* [What the task requires]: A bare number is the expected answer: the count of lines in the data holding "Blue".

* [Data for review]:
--- START ---

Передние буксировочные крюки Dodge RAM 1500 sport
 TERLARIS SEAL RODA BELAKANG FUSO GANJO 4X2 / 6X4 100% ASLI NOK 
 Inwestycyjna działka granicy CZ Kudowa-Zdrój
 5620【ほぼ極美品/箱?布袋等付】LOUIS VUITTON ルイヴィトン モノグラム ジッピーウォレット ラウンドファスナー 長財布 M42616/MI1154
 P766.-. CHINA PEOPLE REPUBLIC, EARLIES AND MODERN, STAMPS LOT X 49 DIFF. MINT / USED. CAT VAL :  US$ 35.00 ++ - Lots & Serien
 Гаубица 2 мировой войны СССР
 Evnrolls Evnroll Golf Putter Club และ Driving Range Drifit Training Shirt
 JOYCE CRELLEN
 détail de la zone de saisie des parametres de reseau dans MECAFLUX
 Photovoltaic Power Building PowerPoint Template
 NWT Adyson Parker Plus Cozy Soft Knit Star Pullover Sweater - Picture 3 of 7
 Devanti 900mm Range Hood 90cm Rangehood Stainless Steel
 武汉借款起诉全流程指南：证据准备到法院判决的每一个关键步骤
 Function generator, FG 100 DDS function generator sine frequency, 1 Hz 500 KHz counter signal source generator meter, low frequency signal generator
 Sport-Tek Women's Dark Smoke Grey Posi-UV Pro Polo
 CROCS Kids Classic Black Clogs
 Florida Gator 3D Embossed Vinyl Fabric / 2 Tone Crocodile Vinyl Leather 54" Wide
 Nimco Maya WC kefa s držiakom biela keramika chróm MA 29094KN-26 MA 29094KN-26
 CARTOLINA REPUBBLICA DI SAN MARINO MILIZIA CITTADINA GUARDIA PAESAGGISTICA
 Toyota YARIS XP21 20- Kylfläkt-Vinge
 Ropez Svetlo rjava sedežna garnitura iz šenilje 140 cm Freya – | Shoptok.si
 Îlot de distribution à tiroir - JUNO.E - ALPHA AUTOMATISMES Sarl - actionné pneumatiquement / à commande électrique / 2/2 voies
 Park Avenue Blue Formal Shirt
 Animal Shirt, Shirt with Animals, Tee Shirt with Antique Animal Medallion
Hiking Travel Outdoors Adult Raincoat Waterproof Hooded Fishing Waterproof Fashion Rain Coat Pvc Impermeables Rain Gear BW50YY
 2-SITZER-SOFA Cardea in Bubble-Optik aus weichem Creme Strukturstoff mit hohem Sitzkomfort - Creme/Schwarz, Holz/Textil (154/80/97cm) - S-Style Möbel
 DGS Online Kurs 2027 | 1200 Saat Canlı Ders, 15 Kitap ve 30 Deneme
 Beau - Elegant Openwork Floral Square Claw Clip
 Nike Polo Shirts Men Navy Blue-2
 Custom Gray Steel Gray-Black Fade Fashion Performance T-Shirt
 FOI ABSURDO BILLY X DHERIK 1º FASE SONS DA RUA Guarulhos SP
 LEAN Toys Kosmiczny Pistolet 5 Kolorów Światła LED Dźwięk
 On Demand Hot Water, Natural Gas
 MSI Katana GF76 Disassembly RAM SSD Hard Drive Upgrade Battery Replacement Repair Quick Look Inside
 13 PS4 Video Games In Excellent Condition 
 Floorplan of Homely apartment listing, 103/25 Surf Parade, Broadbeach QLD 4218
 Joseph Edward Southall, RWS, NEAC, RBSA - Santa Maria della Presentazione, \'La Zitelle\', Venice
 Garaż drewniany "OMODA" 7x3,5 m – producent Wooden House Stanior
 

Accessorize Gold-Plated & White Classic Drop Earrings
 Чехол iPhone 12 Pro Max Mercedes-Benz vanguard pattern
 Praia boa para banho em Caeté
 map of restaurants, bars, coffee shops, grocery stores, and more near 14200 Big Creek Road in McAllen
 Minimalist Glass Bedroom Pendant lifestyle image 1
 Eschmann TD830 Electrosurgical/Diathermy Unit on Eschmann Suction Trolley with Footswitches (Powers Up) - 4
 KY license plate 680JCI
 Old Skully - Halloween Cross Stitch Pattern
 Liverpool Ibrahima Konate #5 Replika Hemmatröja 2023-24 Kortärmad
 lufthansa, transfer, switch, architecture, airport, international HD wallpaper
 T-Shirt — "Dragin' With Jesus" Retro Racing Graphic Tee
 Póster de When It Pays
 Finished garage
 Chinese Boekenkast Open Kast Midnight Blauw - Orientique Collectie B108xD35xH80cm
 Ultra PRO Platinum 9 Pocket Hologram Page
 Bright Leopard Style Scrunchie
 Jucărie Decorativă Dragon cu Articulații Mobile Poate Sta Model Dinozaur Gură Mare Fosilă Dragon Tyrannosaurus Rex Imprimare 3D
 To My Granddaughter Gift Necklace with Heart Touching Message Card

--- END ---

* [Solution to this task]: 2